DeepJetCore: Package for training and evaluation of deep neural networks for HEP

(For upgrading from DeepJetCore 1.X to 2.X/3.X, please scroll to the bottom)

This package provides the basic functions for out-of-memory training, resampling, and basic evaluation. For simple use cases, only two files need to be adapted: the actual training data structures, describing how to fill numpy arrays from root trees, and the DNN model itself. Both must be defined in an additional user package. Please refer to the Section 'Usage' for more information.

If you use DeepJetCore or the containers, please mention it in (internal) documentation and talks and cite the zenodo entry:

https://zenodo.org/record/3670882/export/hx

Setup

The package comes with a docker file in the subdirectory docker, which will set up a container with the needed environment.

Users with access to cvmfs (e.g. on lxplus or other CERN machines) will find a pre-built singularity container here: /cvmfs/unpacked.cern.ch/registry.hub.docker.com/cernml4reco/deepjetcore3:latest In case of doubt, just check if this path exists on the machine you are working on.

A good way to enter the container interactively, mounting for example the standard directories on lxplus or similar machines would be:

#!/bin/bash

gpuopt=""
files=$(ls -l /dev/nvidia* 2> /dev/null | egrep -c '\n')
if [[ "$files" != "0" ]]
then
gpuopt="--nv"
fi

#this is a singularity problem only fixed recently
unset LD_LIBRARY_PATH
unset PYTHONPATH
sing=`which singularity`
unset PATH
cd

$sing run -B /eos -B /afs $gpuopt /cvmfs/unpacked.cern.ch/registry.hub.docker.com/cernml4reco/deepjetcore3:latest

The cache dir can get rather large and is normally located at ~/.singularity/cache. To avoid filling up the home afs, the cache can be set to /tmp or the work afs. Once the container is fully closed, the cache can be safely deleted. Singularity reacts to environment variables, e.g.

export SINGULARITY_CACHEDIR="/tmp/$(whoami)/singularity"

Sometimes you need to try a few times - singularity is a bit weird. But once the container is launched, everything works smoothly. The message about a missing user group can be safely ignored.

It is important that your bashrc does not change or reset the LD_LIBRARY or PYTHONPATH environment variables. Also remove any anaconda paths from your bashrc, because they will reset LD_LIBRARY and PYTHONPATH. The system needs to be in a clean environment state within the container (as it should be).

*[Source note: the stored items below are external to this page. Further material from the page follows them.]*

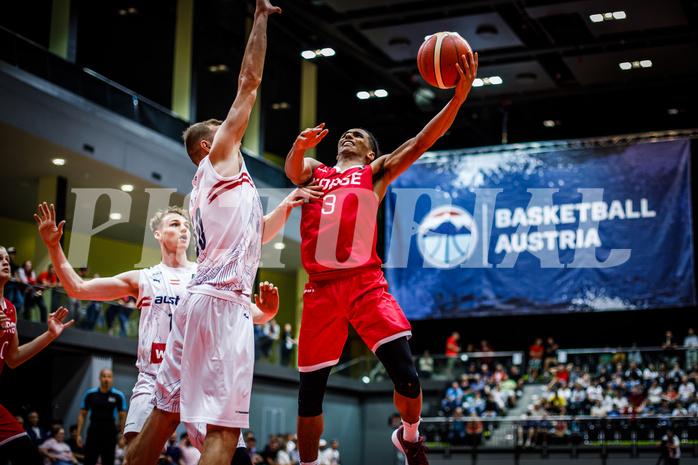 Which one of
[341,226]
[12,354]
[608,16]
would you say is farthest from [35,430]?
[608,16]

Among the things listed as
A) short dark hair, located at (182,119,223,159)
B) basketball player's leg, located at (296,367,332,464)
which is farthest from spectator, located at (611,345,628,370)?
short dark hair, located at (182,119,223,159)

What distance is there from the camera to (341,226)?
5125mm

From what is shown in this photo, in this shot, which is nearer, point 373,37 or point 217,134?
point 217,134

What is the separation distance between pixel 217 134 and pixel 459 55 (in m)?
2.27

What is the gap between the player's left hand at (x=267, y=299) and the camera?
14.8 ft

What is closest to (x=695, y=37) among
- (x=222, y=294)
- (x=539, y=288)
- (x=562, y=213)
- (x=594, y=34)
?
(x=594, y=34)

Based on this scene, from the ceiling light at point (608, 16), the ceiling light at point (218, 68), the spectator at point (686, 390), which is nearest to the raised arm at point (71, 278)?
the ceiling light at point (608, 16)

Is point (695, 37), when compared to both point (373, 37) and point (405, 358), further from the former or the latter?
point (405, 358)

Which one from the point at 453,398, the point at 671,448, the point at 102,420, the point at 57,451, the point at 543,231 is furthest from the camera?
the point at 453,398

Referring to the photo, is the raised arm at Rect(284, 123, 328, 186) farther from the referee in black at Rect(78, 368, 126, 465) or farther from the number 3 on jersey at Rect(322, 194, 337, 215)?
→ the referee in black at Rect(78, 368, 126, 465)

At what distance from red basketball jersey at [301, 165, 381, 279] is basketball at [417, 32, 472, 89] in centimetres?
96

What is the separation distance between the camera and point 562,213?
55.4 feet

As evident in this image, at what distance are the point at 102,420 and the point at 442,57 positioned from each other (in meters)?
8.06

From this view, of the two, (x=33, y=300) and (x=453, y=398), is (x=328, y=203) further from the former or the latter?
(x=453, y=398) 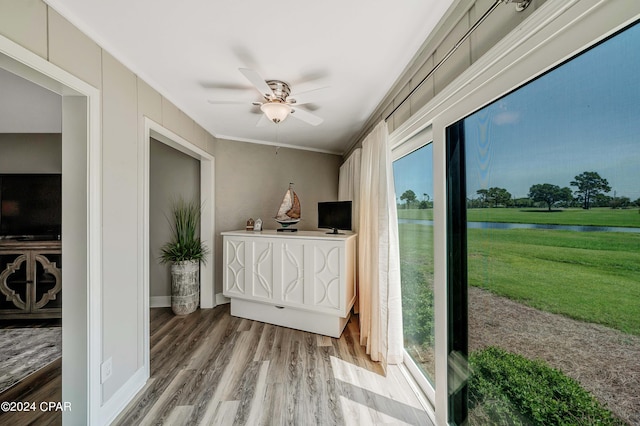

Building / using the container For users without access to cvmfs, the container can be built manually or pulled from dockerhub. For every release, there is a container on dockerhub, the latest release is tagged. The latest tag refers to the developing master branch. cernml4reco/deepjetcore3:latest It can be pulled using docker, or pulled from singularity. For details, please see the corresponding docker or singularity documentation. To build the container, the files can be found in the docker subdirectory. It is a two-stage process. First the container Dockerfile_base needs to be built, containing the basic system packages. This will take a while, because root is being compiled within. The output container name must be cernml4reco/djcbase:cu11.1. In the next step, the actual DeepJetCore container should be built on top. Please make sure to use a release, not the developing master branch!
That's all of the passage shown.